**PROVIDED ENTRIES:**
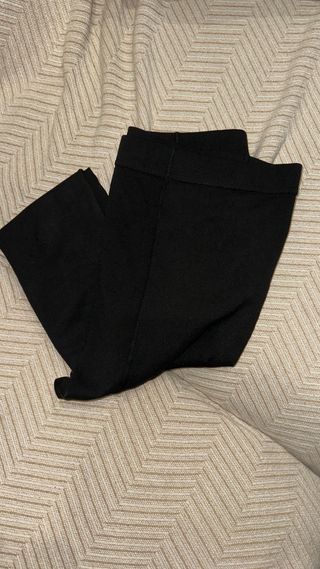 Leggings térmicos negros talla única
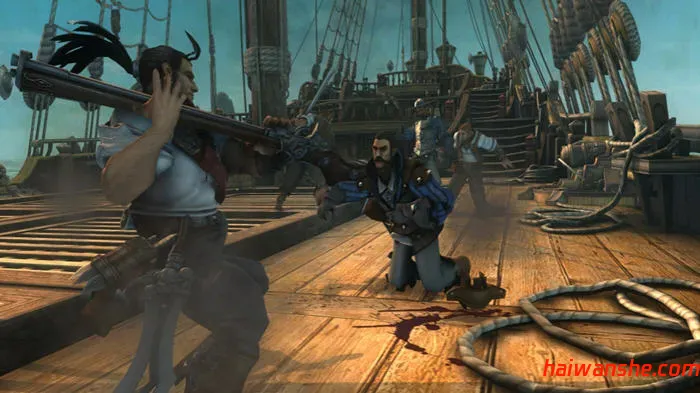 浴血船长(Captain Blood) STEAM官方中文版 动作冒险游戏 5.9G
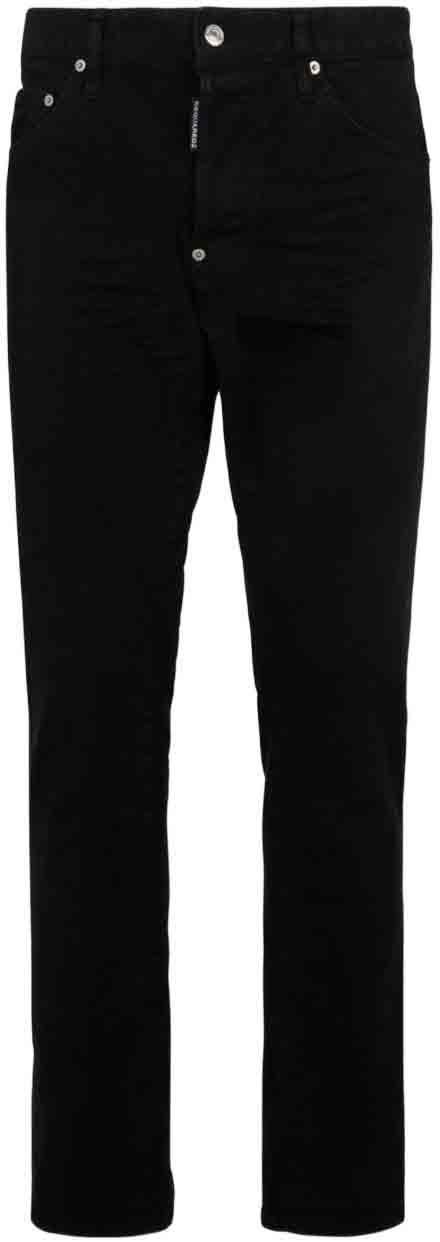 26SS 디스퀘어드2 데님 팬츠 S74LB1907S39781900 BLACK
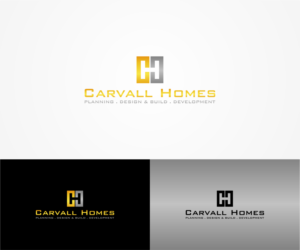 Logo Design by ayart for Carvall Homes | Design: #9736894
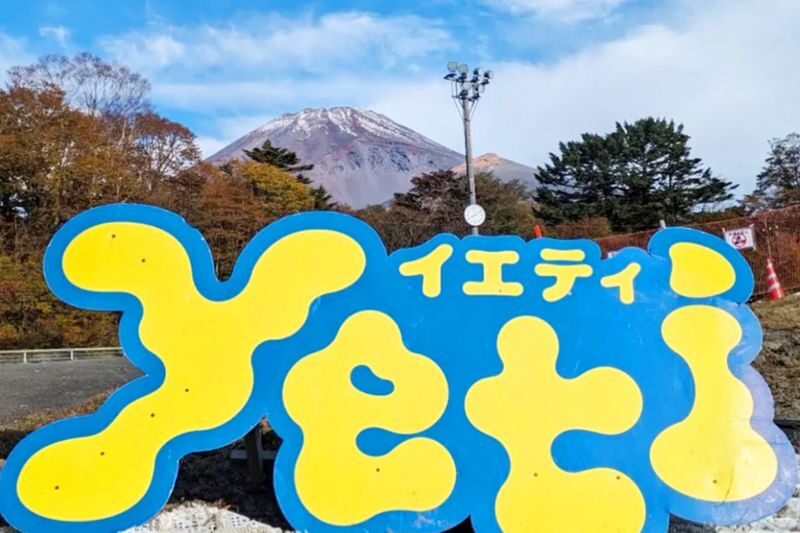 Mt. Fuji Yeti Skiing & "Konohana no Yu" Hot Spring (Mt. Fuji Viewable) Day Trip (From Tokyo) - At a glance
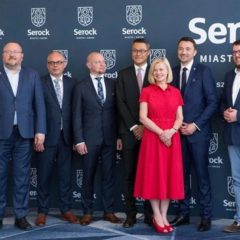 Huawei wspiera Serock w budowie smart city!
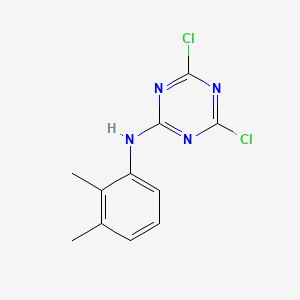 4,6-Dichloro-N-(2,3-dimethylphenyl)-1,3,5-triazin-2-amine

**GOAL OF THE EXERCISE:**
The entries above should be retyped exactly, minus any pictures.

**OUTPUT:**
 Leggings térmicos negros talla única
 浴血船长(Captain Blood) STEAM官方中文版 动作冒险游戏 5.9G
 26SS 디스퀘어드2 데님 팬츠 S74LB1907S39781900 BLACK
 Logo Design by ayart for Carvall Homes | Design: #9736894
 Mt. Fuji Yeti Skiing & "Konohana no Yu" Hot Spring (Mt. Fuji Viewable) Day Trip (From Tokyo) - At a glance
 Huawei wspiera Serock w budowie smart city!
 4,6-Dichloro-N-(2,3-dimethylphenyl)-1,3,5-triazin-2-amine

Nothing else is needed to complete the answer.